TASK ITEM: Write out nothing but the lines from the one containing "this 300×200 image." through the last line below, both included, and without the pictures.

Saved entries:
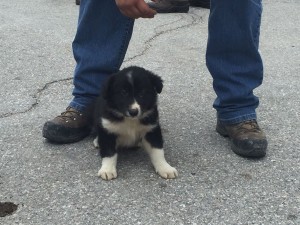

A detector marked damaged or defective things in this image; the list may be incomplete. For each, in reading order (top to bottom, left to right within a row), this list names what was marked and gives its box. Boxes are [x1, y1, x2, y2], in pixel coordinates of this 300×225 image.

crack in asphalt [0, 12, 202, 119]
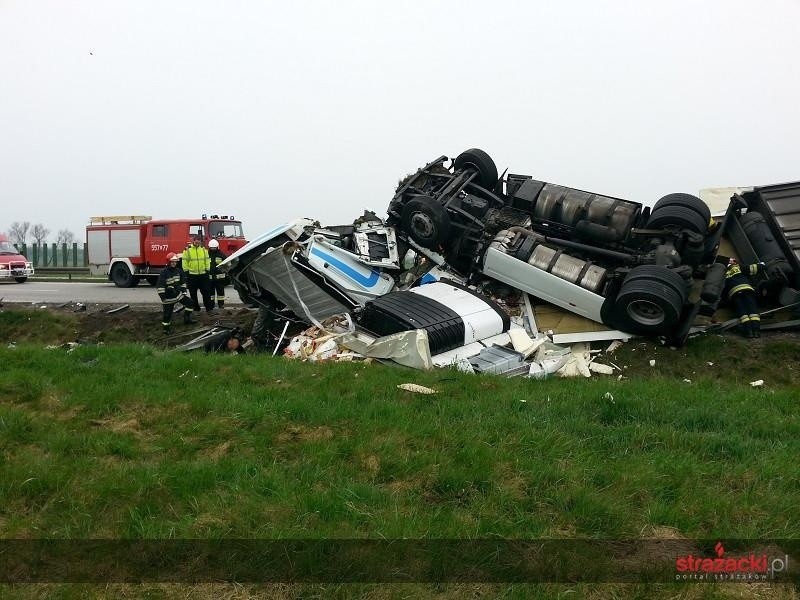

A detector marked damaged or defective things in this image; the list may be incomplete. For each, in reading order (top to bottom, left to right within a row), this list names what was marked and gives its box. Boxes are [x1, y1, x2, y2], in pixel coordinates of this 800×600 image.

overturned truck [219, 150, 800, 346]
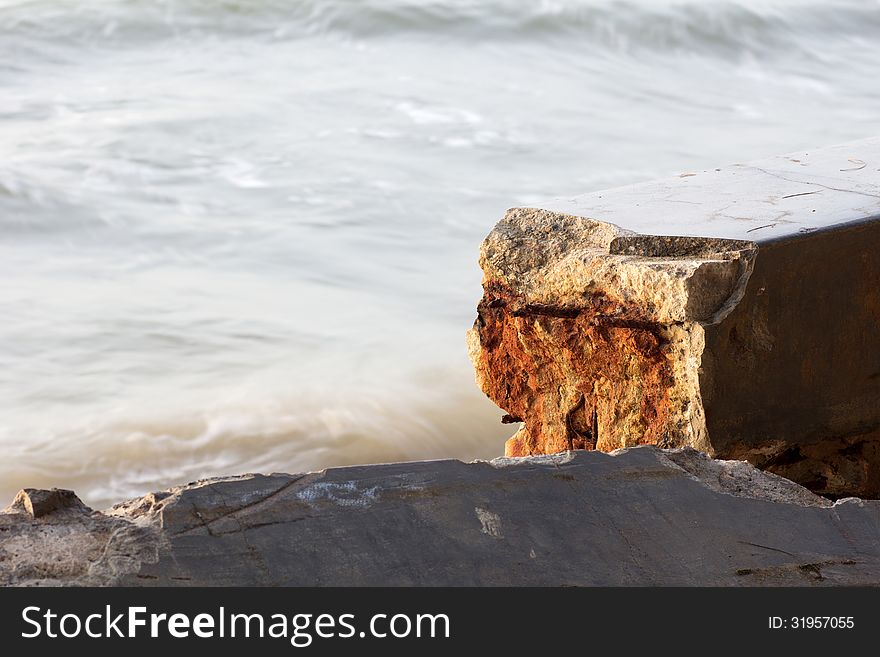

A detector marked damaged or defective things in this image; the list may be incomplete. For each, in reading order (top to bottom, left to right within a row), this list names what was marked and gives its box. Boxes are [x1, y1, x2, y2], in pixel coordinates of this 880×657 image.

orange rust patch [474, 280, 680, 456]
broken concrete wall [470, 140, 880, 498]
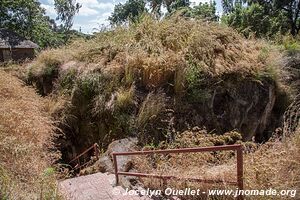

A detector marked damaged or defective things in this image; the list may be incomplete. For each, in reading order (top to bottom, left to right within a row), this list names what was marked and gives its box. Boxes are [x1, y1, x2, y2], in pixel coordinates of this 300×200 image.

rusty metal railing [69, 143, 99, 171]
rusty metal railing [111, 144, 243, 197]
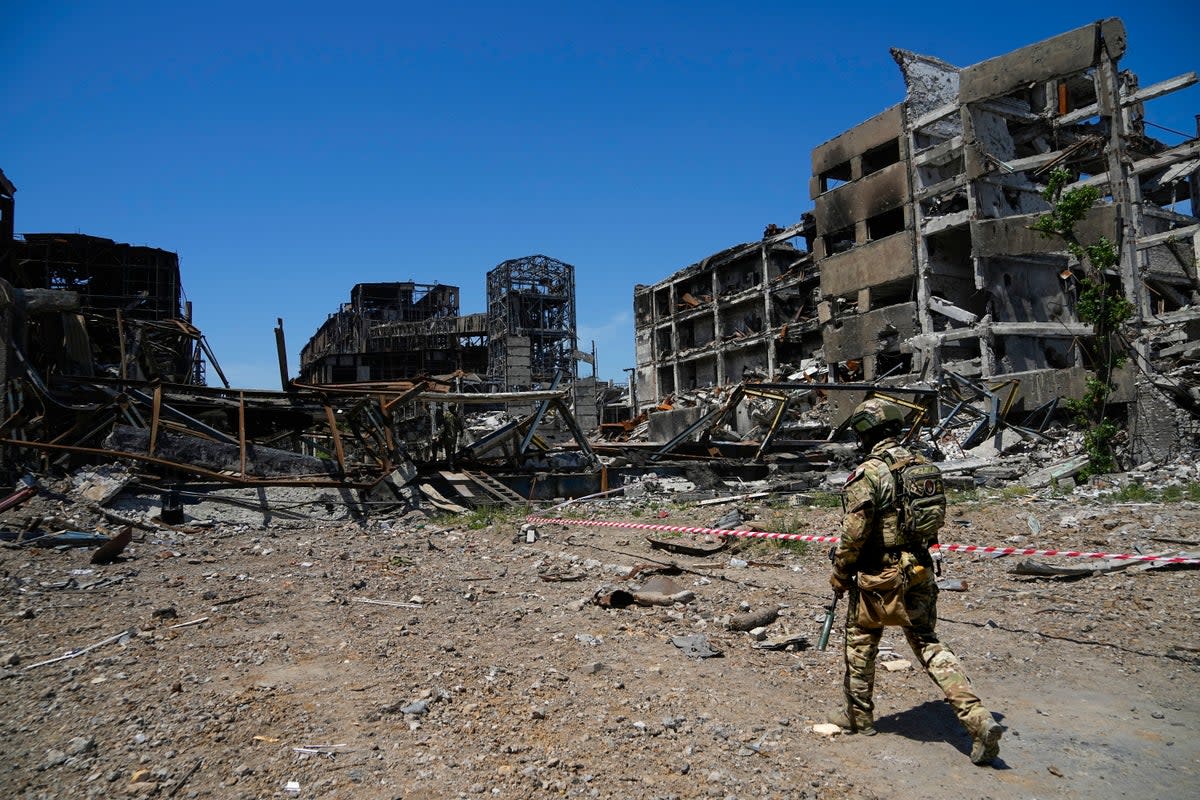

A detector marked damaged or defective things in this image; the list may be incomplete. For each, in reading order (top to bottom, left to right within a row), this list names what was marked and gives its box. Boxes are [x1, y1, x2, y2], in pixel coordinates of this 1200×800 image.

charred steel structure [633, 18, 1195, 455]
charred steel structure [300, 281, 487, 383]
charred steel structure [487, 256, 580, 391]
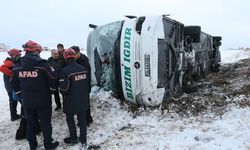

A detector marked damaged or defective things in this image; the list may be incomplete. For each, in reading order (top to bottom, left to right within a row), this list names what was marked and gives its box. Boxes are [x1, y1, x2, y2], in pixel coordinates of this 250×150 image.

overturned bus [87, 14, 222, 106]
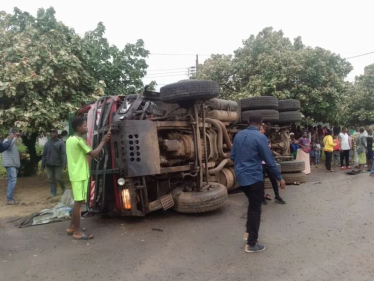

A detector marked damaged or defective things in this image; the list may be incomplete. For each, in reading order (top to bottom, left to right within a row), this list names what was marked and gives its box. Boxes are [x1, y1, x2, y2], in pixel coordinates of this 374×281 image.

overturned truck [76, 79, 306, 217]
second overturned truck [76, 79, 306, 217]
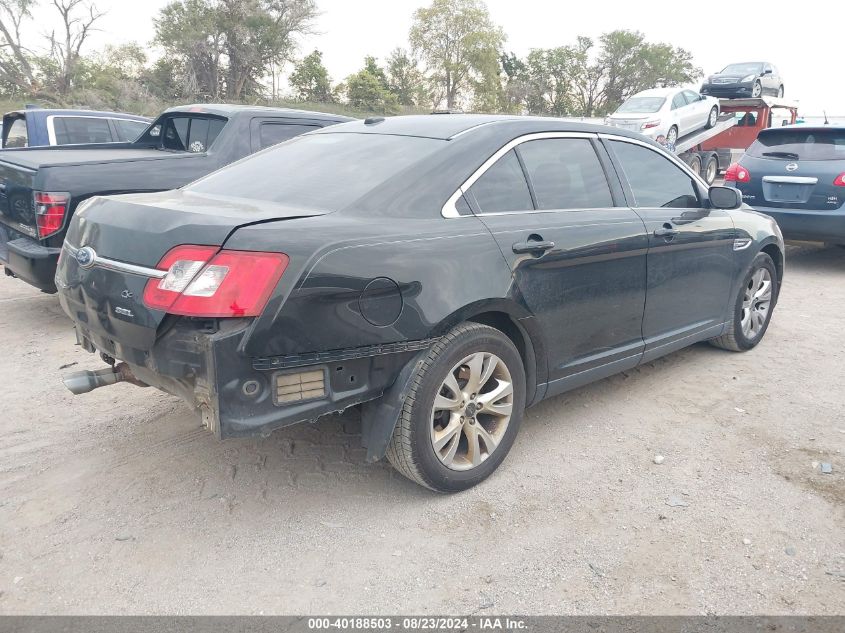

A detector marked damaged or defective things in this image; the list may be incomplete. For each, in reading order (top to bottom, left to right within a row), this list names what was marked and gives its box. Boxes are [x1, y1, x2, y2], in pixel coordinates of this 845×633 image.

damaged rear bumper [71, 316, 428, 440]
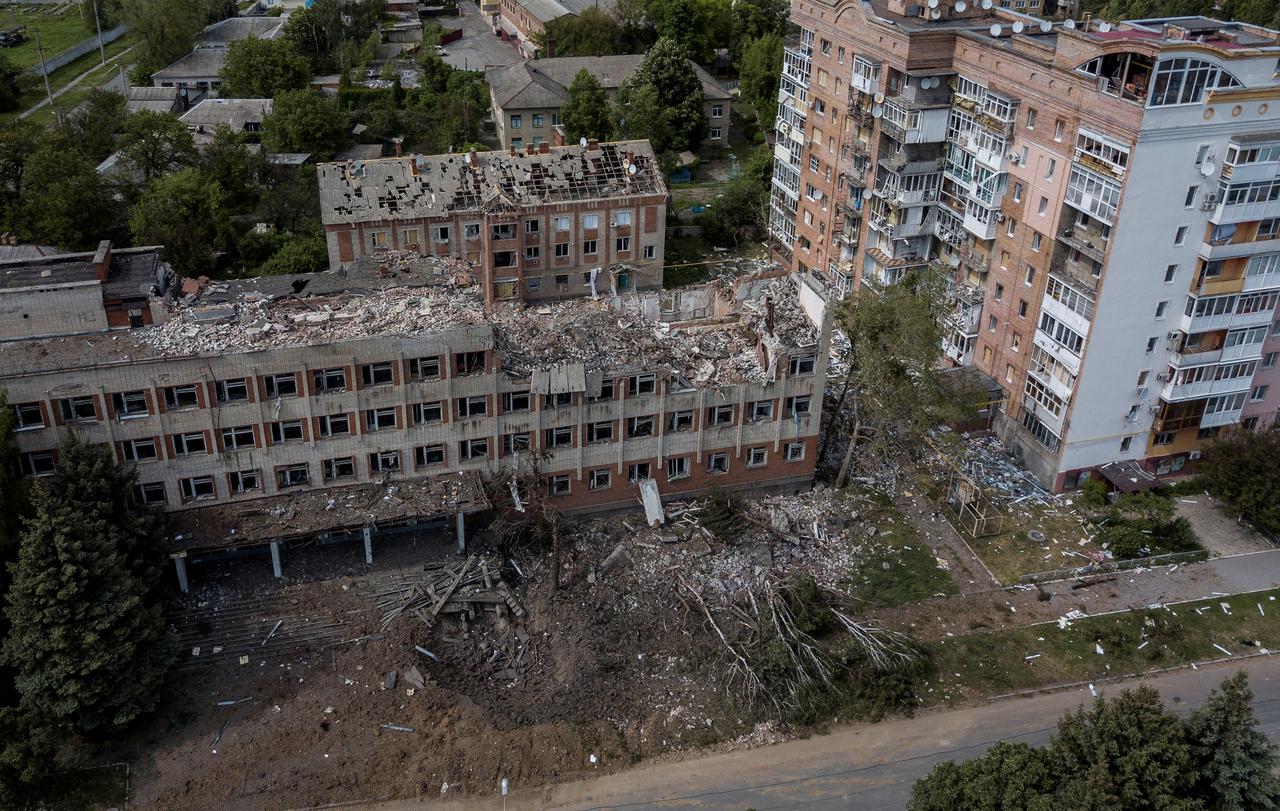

SOLUTION TO THIS EXERCISE:
A detector marked damaged or defective things in this image; the list may be incomplete. For each, in reading order (top to bottom, left to right within a row), this list names what was marked and gives its box. Boxes are [x1, y1, x2, y2], in pixel coordinates of this 300×200 image.

rusty metal railing [69, 143, 99, 171]
rusty metal railing [111, 144, 243, 197]

A detector marked damaged or defective things in this image; the list may be incomplete. For each, in reading order (top to bottom, left to right within a row), this list names what was marked and gives its box. Boxes are [x1, y1, x2, y2], in pixel coordinates of this 1200×800 image.

charred steel structure [633, 18, 1195, 455]
charred steel structure [300, 281, 487, 383]
charred steel structure [487, 256, 580, 391]

A detector marked damaged or defective things in this image; the list may be incomplete. For each, in reading order (top to bottom, left to right within a row), this list names what was marked and gives its box. Boxes are [x1, y1, x2, y2], in pixel coordinates of this 250×150 image.

overturned bus [87, 14, 222, 106]

A detector marked damaged or defective things in this image; the list may be incomplete. For each, in reading order (top to bottom, left to right within a row), this list names what was marked and gives its box. Boxes are [x1, y1, x2, y2], in pixel coordinates of this 374×281 image.

overturned truck [76, 79, 306, 217]
second overturned truck [76, 79, 306, 217]

A detector marked damaged or defective things in this image; the list may be incomplete. For each, in reading order (top to bottom, left to right within a row), this list names what was marked and gives its box. Boxes are [x1, y1, x2, y2], in pixel coordinates of this 845×633 image.

damaged rear bumper [71, 316, 428, 440]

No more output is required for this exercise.